GIVEN MATERIAL |
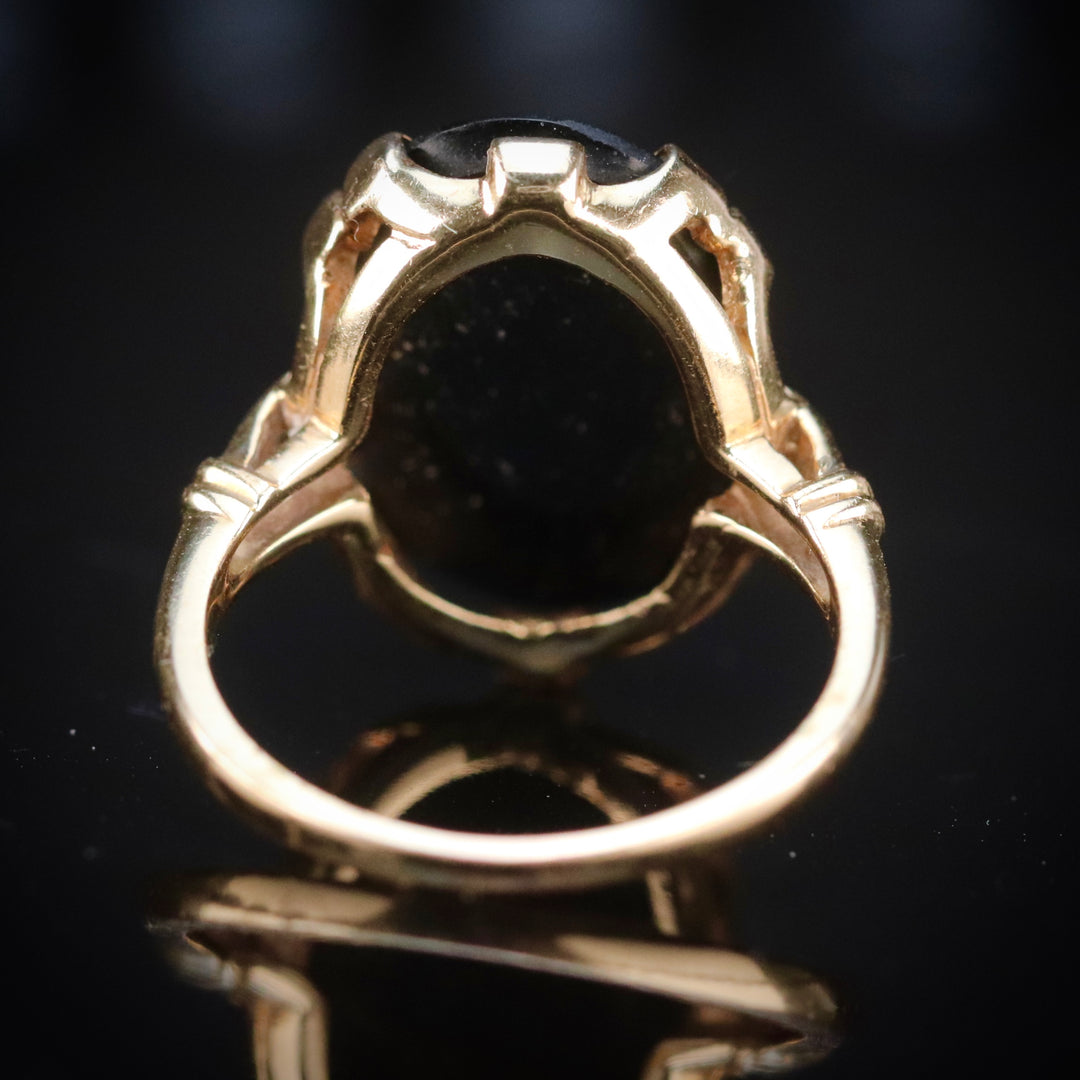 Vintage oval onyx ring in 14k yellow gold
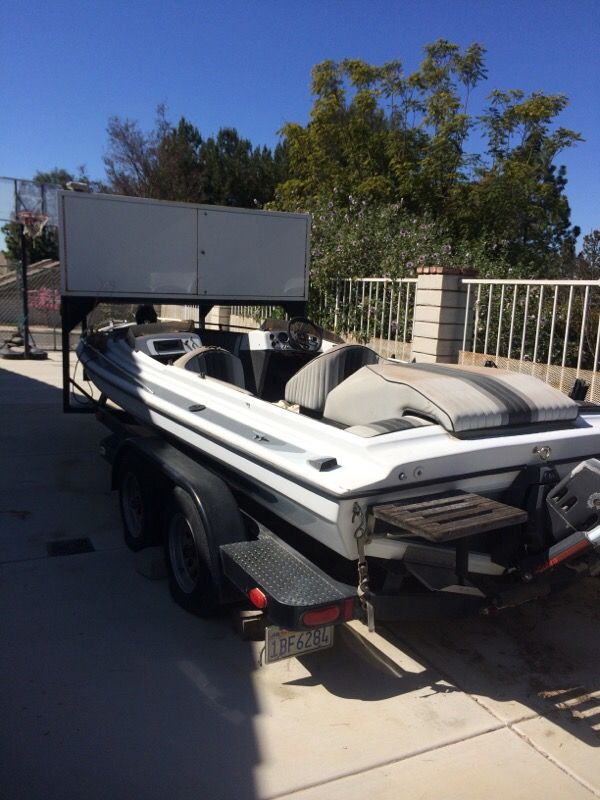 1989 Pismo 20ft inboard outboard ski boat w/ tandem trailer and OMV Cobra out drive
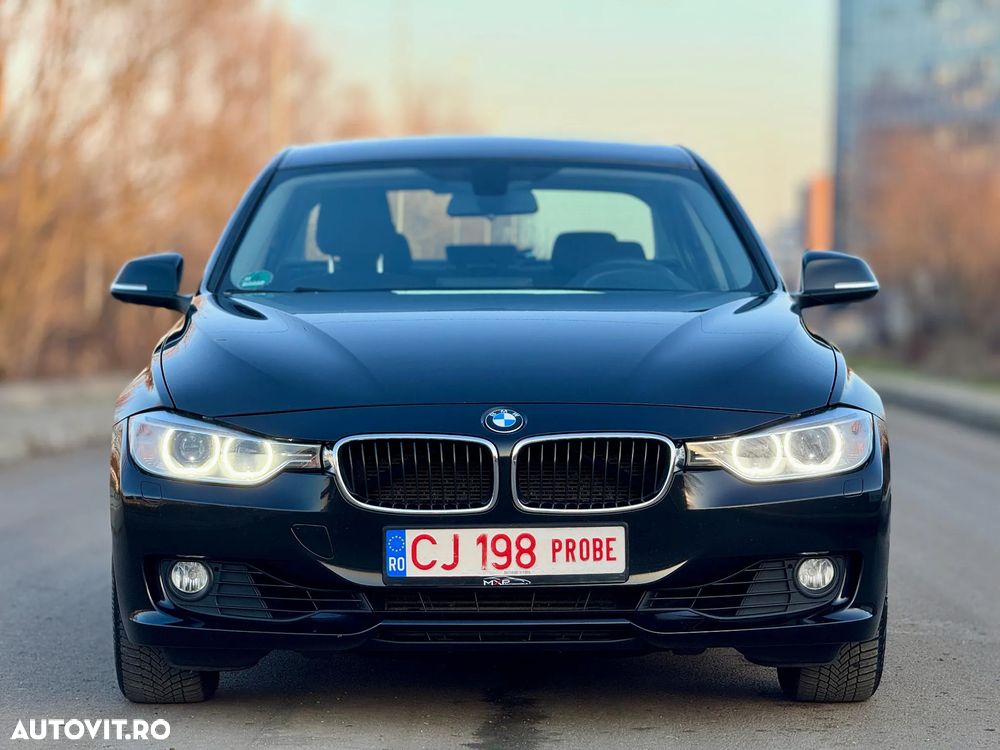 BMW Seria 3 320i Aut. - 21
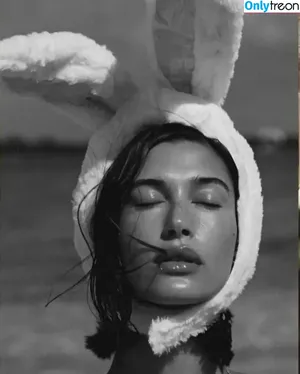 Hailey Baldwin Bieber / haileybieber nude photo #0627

WORK REQUEST |
Here the job is to print the data above exactly, except for any pictures.

WRITTEN RESPONSE |
 Vintage oval onyx ring in 14k yellow gold
 1989 Pismo 20ft inboard outboard ski boat w/ tandem trailer and OMV Cobra out drive
 BMW Seria 3 320i Aut. - 21
 Hailey Baldwin Bieber / haileybieber nude photo #0627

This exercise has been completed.